December 19, 2008
You may not have heard of Carl von Clausewitz. Back in the early nineteenth
century he wrote "On War," a brilliant treatise that is read and
taught in military academies to this day. His observations were based on his
experiences in the Wars of the French Revolution, the Napoleonic Wars and on
considerable historical research. The book is shaped not only by purely military
and political considerations but by Clausewitz's strong interests in science,
education and art.
Clausewitz said that you have to have a battle plan but the plan had better
include plenty of room for the absolute certainty that the plan will start going
wonky from the get-go. "No campaign plan survives first contact with the
enemy," said the great German general Helmuth Graf von Moltke who spent an
energetic lifetime applying Clausewitz's theories.

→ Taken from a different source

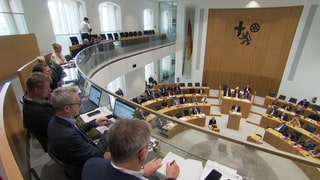 Blick auf den Landtag, in dem der Abchlussbericht zur Flutkatastrophe im Ahrtal besprochen wird.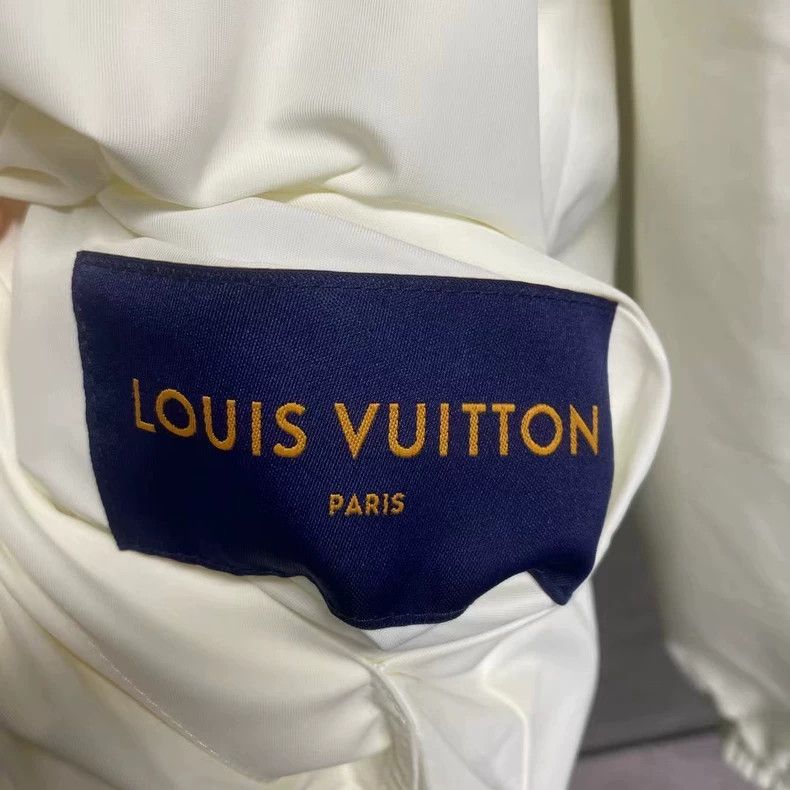 Louis Vuitton Louis Vuitton White Logo Windbreaker Jacket Size US M / EU 48-50 / 2 - 7 Thumbnail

Clausewitz figured "strategy" belonged to the realm of art.
"Tactics," on the other hand, belonged to the realm of science. True
brilliance in the field requires the blending of the two. Clausewitz was
obsessive about the roles of chance, uncertainty and what he called the
"fog of war."
In our game this is the fog we get into when we can't see ahead and are
confused, disappointed and even disabled, generally through the effect of our
earlier, poorly planned sorties. In war and art, courageous early sorties
determine the early coup.
Clausewitz also talked about what he called the "culminating point of
victory." This is where the happy resolution is in sight. The business of
battle is to get to this point, he thought. Early culminating points are better
than late ones. This is one of the reasons we need to cut to the chase by laying
in basic strategy early on.
His was a dialectical approach to problem solving--"if not this, then maybe
that." Improvisation overcomes what he called "friction."
Friction deranges, to a greater or lesser degree, all prior arrangements.
Successful campaigns in both art and war require boldness, audacity, creativity
and targets of opportunity.
PS: "Given an equal amount of intelligence, timidity will cause a thousand
times more problems than audacity." (Carl von Clausewitz, 1780-1831)
Esoterica: To see an art project in the manner of Clausewitz, we must see our
canvases as fields to be organized, both in area and order of deployment. Just
as you might bring up your horses later rather than sooner, you must learn to
deploy resources appropriately. For example, keeping reserves of colour and
tone, and finessing in the safety of the culminating point. Oh, and always
keeping in mind that if you don't pay attention, something is sure to come along
and ruin your day.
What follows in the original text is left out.